### DIRECTIONS FOR THIS TASK
What's needed is an exact retyping of the lines from the start of the listing up to and including the line with "A performer with", minus any pictures.
MATERIALS PROVIDED section start
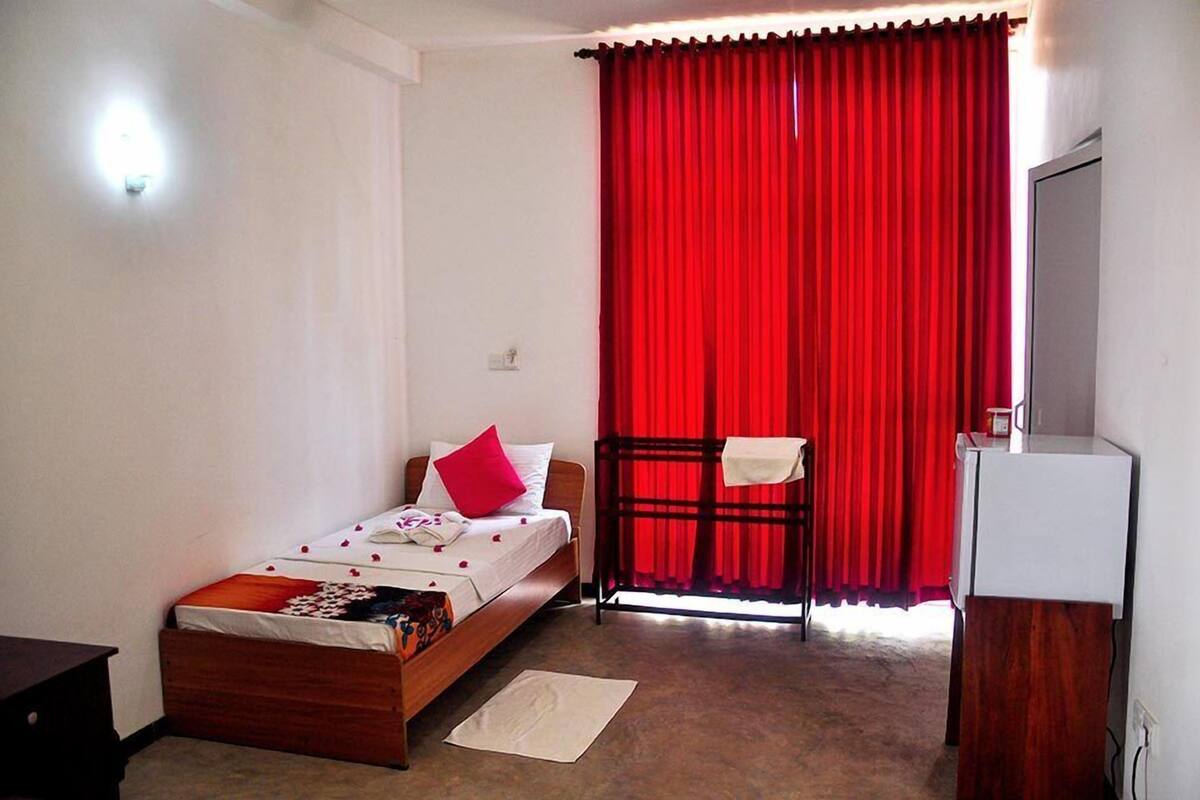 A bedroom with a bed, a red curtain, a white wall, and a white cabinet.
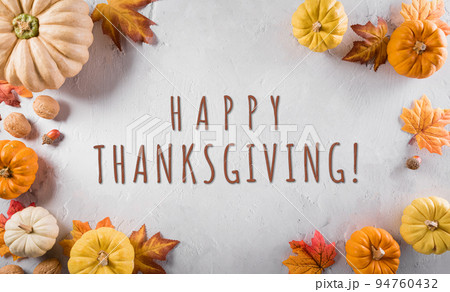 Thanksgiving and autumn decoration concept. Pumpkin, autumn leaves and apple with the text on stone background. 94760432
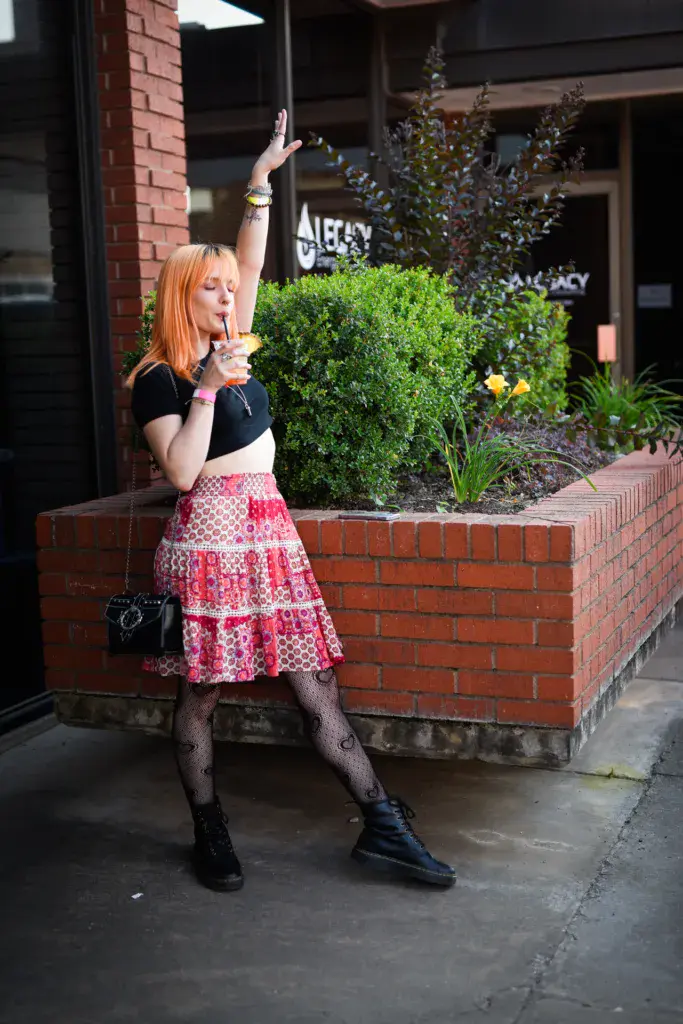 A performer with orange hair sings into a microphone outdoors against a brick venue backdrop.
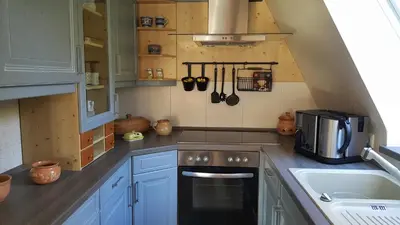Küche/Küchenzeile in der Unterkunft Ferienhaus am Lübbesee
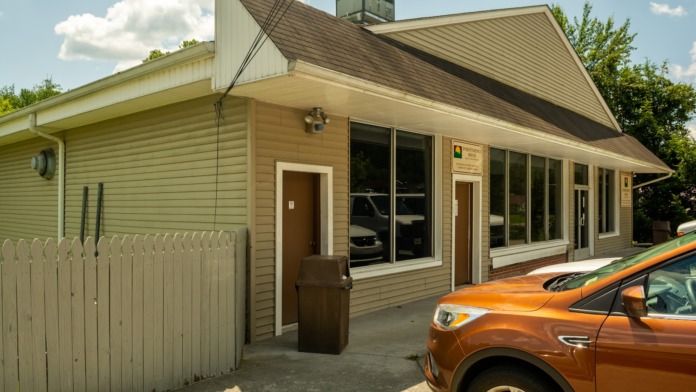 Exterior view of treatment facility showing main entrance with tan siding, large windows, parking area, and facility signage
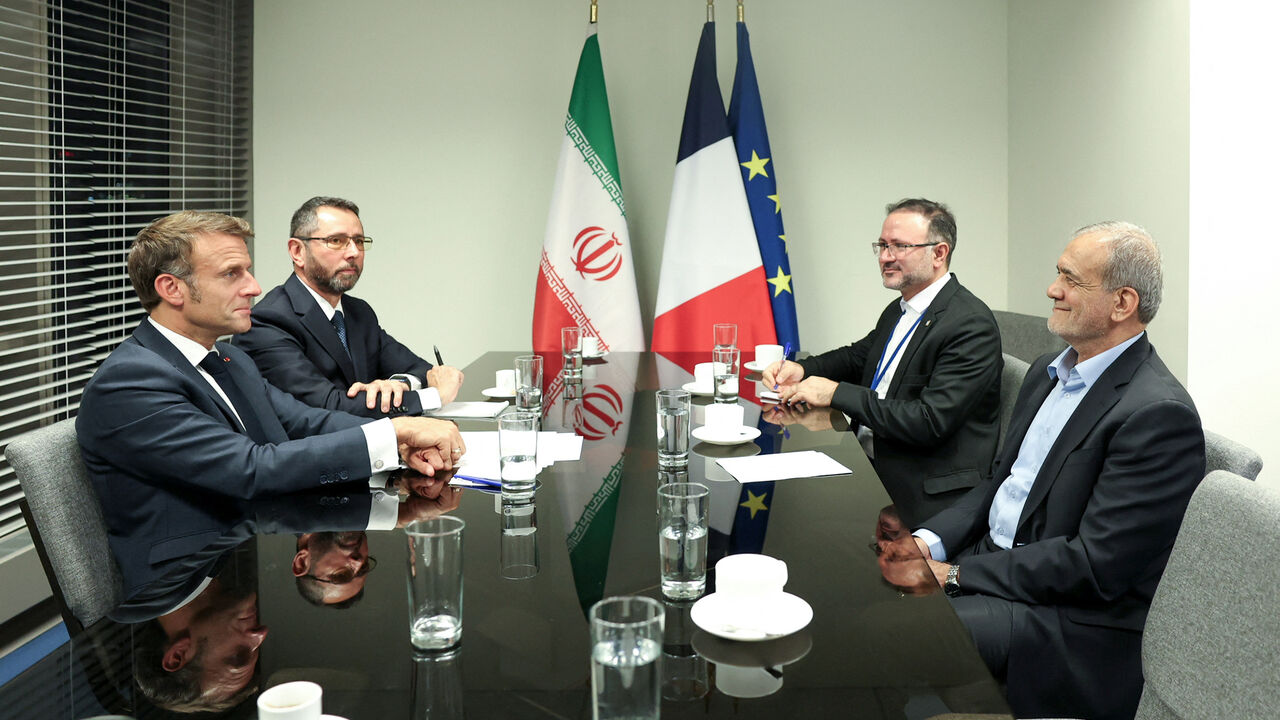 Iran's President Masoud Pezeshkian meets with France's President Emmanuel Macron in New York City, U.S., September 24, 2024. Iran's Presidency/WANA (West Asia News Agency)/Handout via REUTERS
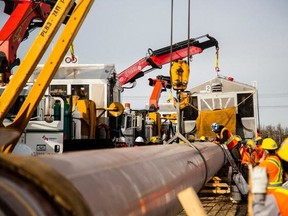 Trans Mountain continues construction on the 1,100-kilometre expansion, with no changes in the commitments of oil producers that it's relying on.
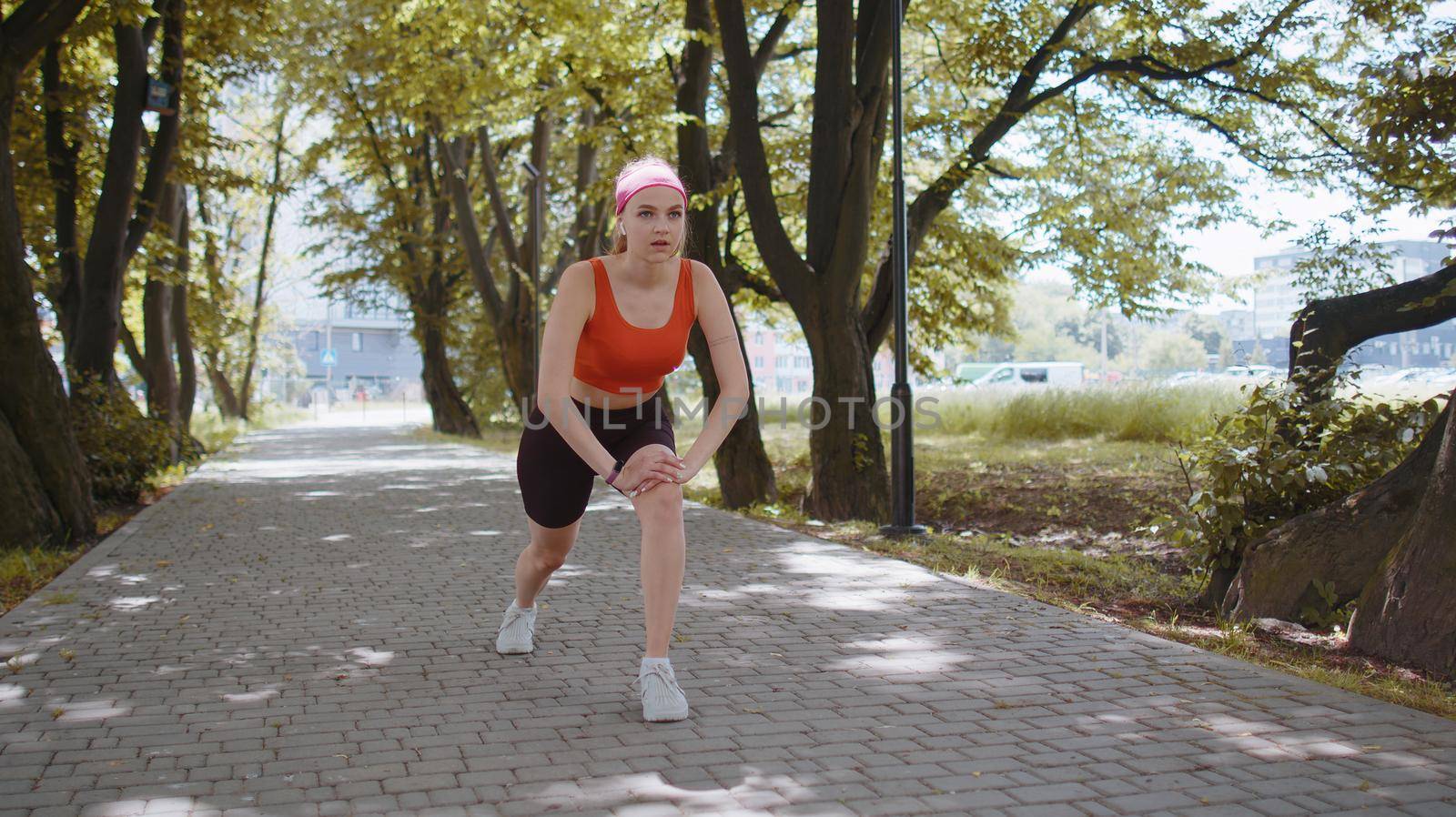 Athletic fit sport motivated runner girl training, preparing to run race marathon. Workout cardio in morning sunny park. Young woman jogger enjoying healthy lifestyle. Active sportswoman motivation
MATERIALS PROVIDED section end
### OUTPUT FOR THIS EXERCISE
 A bedroom with a bed, a red curtain, a white wall, and a white cabinet.
 Thanksgiving and autumn decoration concept. Pumpkin, autumn leaves and apple with the text on stone background. 94760432
 A performer with orange hair sings into a microphone outdoors against a brick venue backdrop.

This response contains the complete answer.